WHAT YOU SHOULD DO =>
Transcribe exactly the entries from the "Kayu Village *" line to the end, both included, minus pictures.

STUDY MATERIAL =>
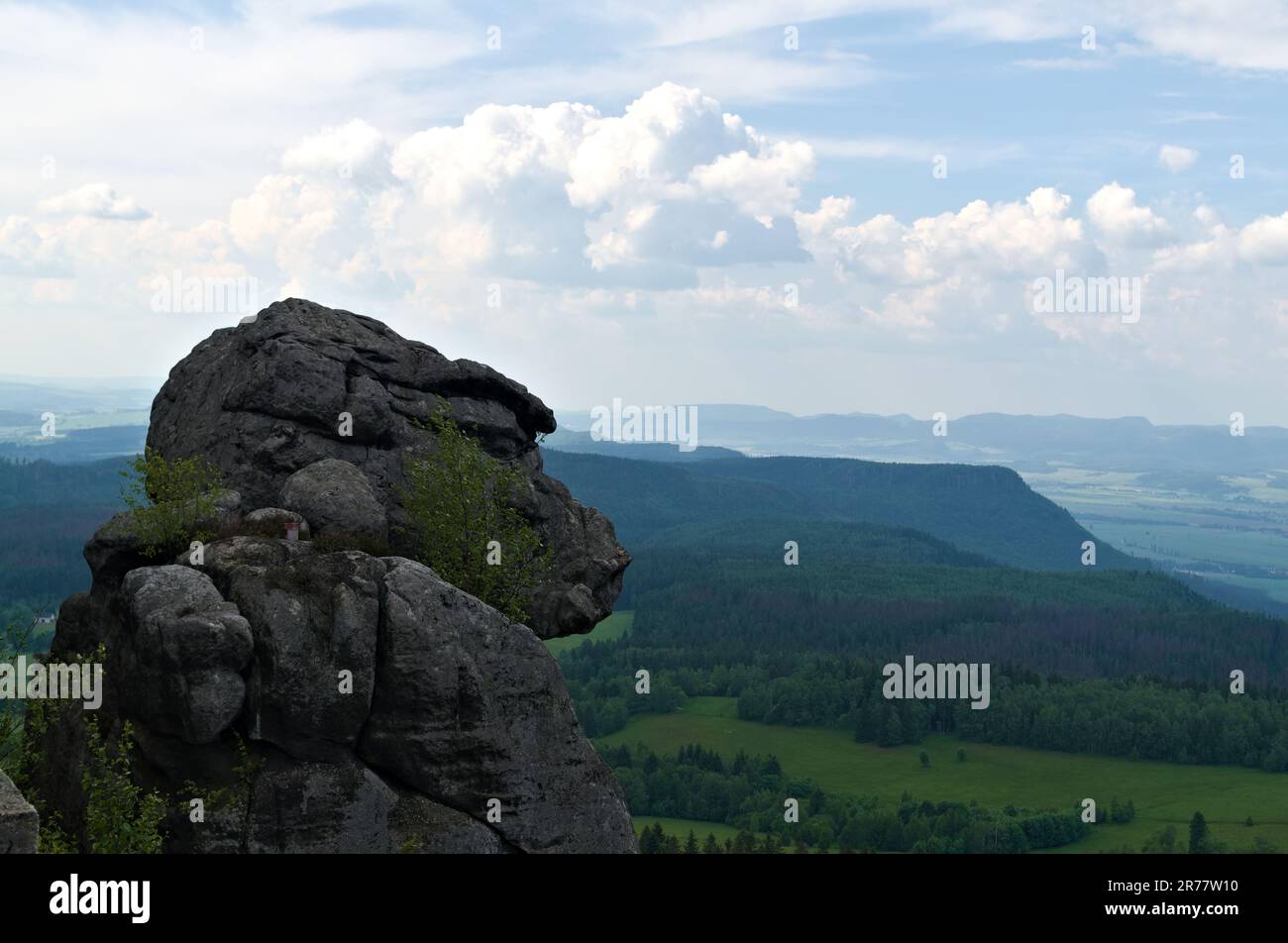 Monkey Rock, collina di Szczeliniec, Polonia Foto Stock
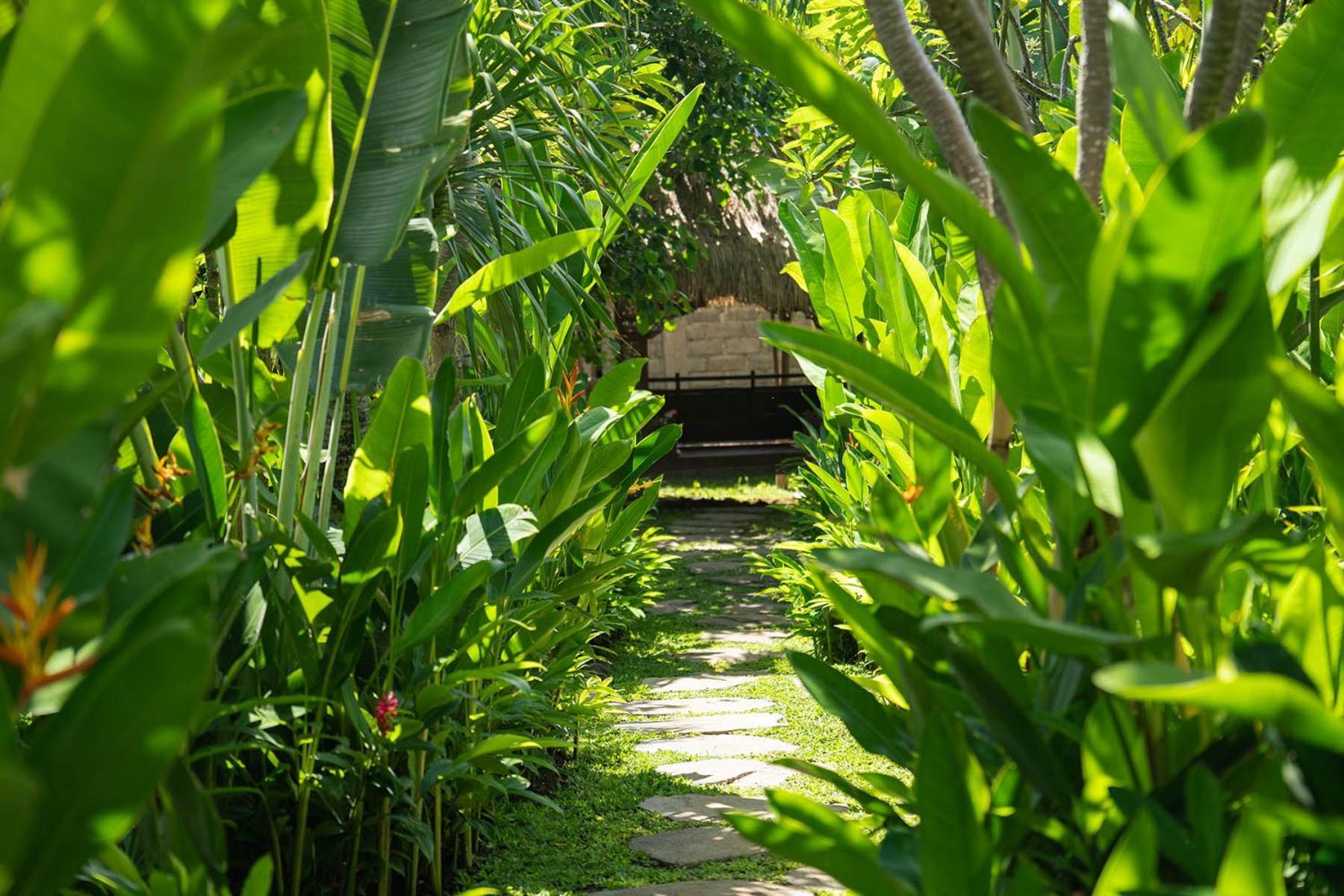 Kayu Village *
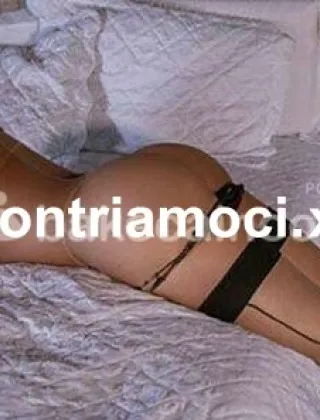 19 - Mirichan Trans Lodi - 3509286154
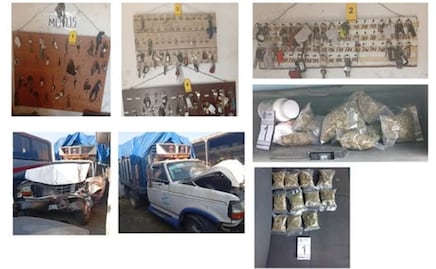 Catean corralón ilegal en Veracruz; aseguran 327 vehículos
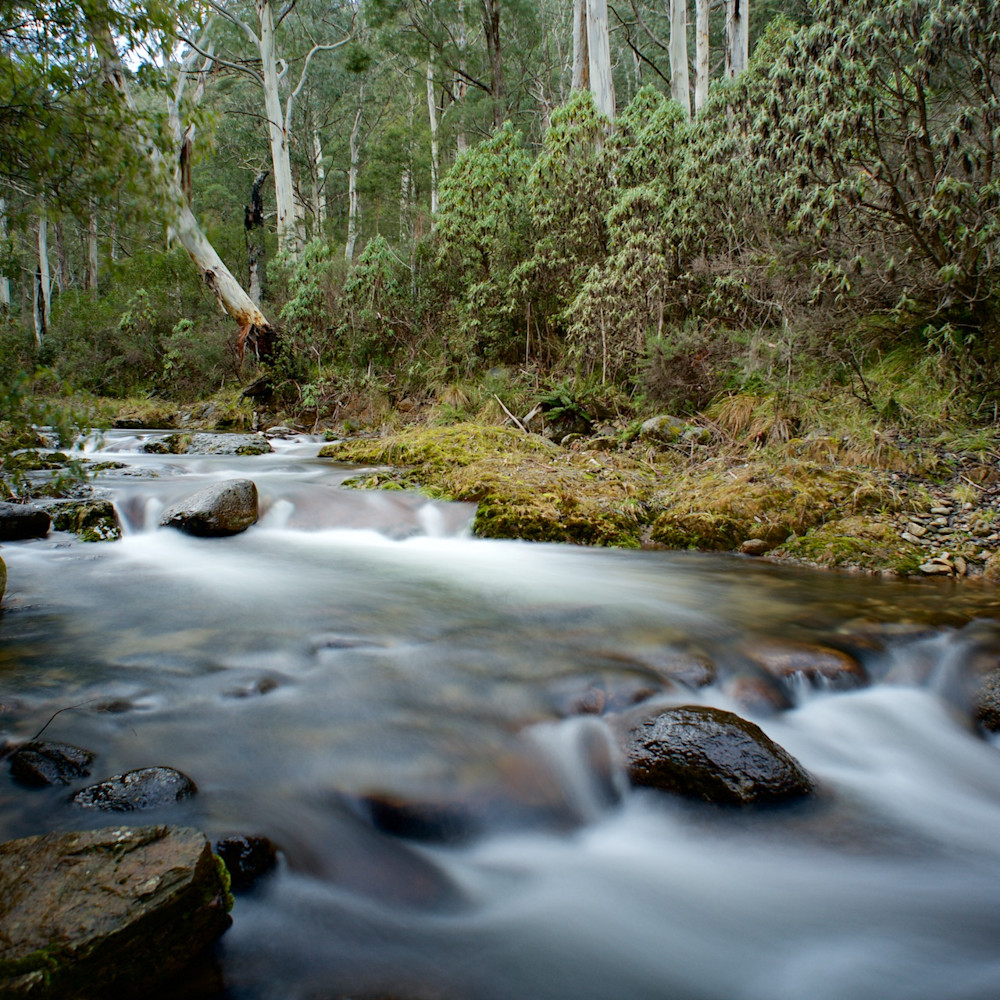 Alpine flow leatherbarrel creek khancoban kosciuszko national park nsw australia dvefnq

SOLUTION FOR THIS EXERCISE =>
 Kayu Village *
 19 - Mirichan Trans Lodi - 3509286154
 Catean corralón ilegal en Veracruz; aseguran 327 vehículos
 Alpine flow leatherbarrel creek khancoban kosciuszko national park nsw australia dvefnq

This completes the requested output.